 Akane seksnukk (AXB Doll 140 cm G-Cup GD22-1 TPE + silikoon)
* * *
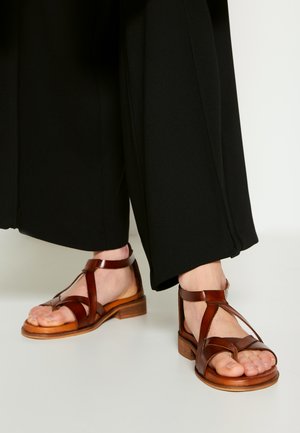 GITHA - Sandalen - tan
==
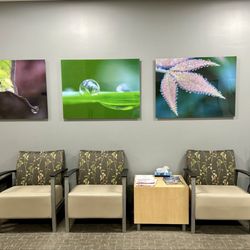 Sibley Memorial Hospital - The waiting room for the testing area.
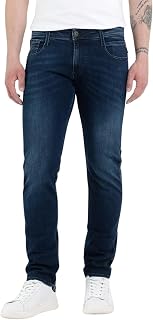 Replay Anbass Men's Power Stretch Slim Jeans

◆ **EXERCISE AIM**
Retype only the lines above from the one with "Sibley Memorial Hospital" through the one with "Replay Anbass Men's Power Stretch Slim Jeans", exactly and with both ends. Images stay out.

◆ **SOLUTION FOR THIS EXERCISE**
 Sibley Memorial Hospital - The waiting room for the testing area.
 Replay Anbass Men's Power Stretch Slim Jeans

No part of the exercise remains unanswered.